Problem requirements: Could you copy exactly the lines from the one containing "Black-headed Gull / Httemge" through the last line of the records, leaving out every picture?

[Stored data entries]
○ ○ ○ ○ ○ ○ ○

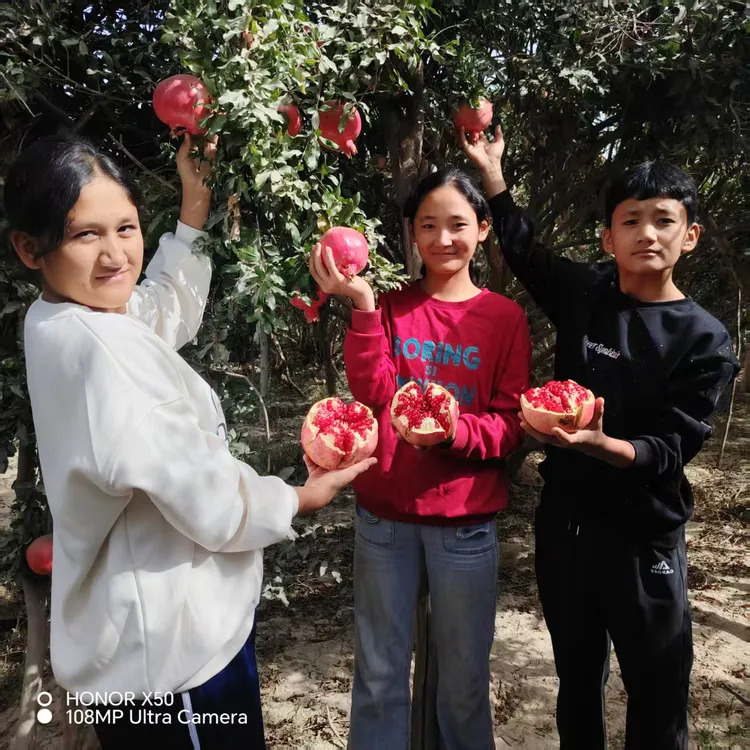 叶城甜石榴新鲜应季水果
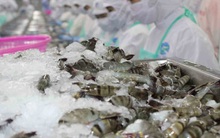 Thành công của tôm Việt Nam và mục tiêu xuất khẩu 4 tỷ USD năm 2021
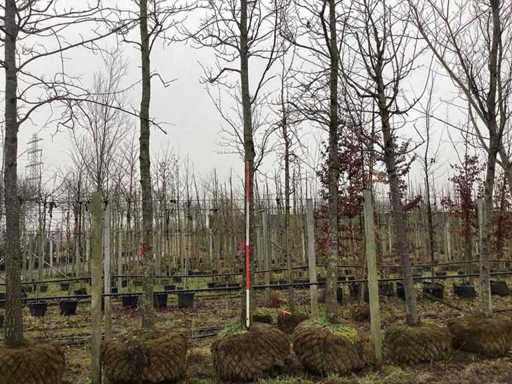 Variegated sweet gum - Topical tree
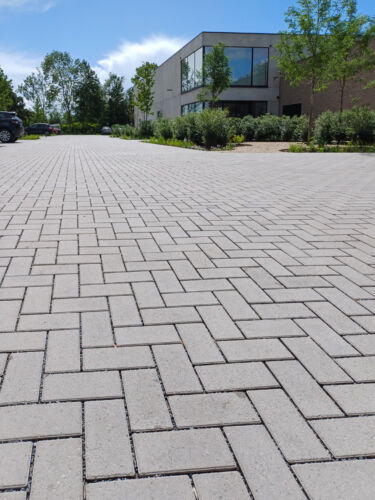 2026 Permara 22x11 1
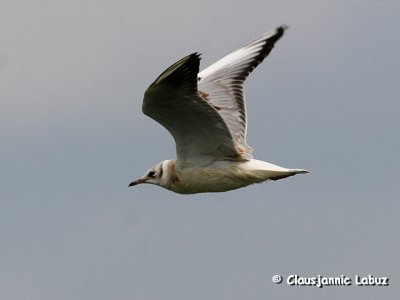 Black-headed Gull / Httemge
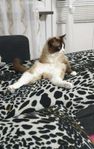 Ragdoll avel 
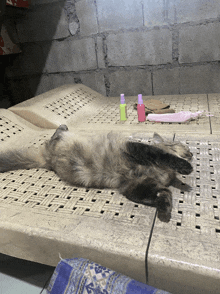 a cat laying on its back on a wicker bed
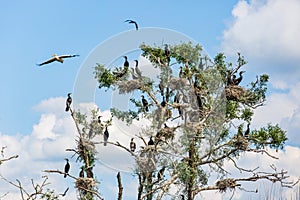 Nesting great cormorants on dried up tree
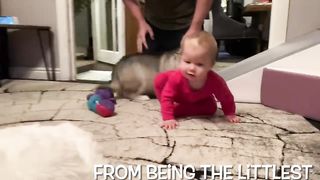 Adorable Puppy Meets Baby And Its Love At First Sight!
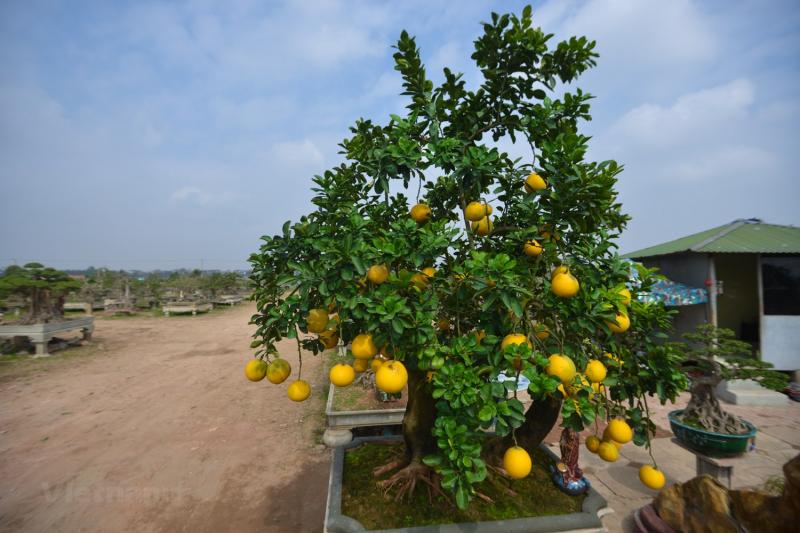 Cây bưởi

○ ○ ○ ○ ○ ○ ○

Expected answer:
 Black-headed Gull / Httemge
 Ragdoll avel 
 a cat laying on its back on a wicker bed
 Nesting great cormorants on dried up tree
 Adorable Puppy Meets Baby And Its Love At First Sight!
 Cây bưởi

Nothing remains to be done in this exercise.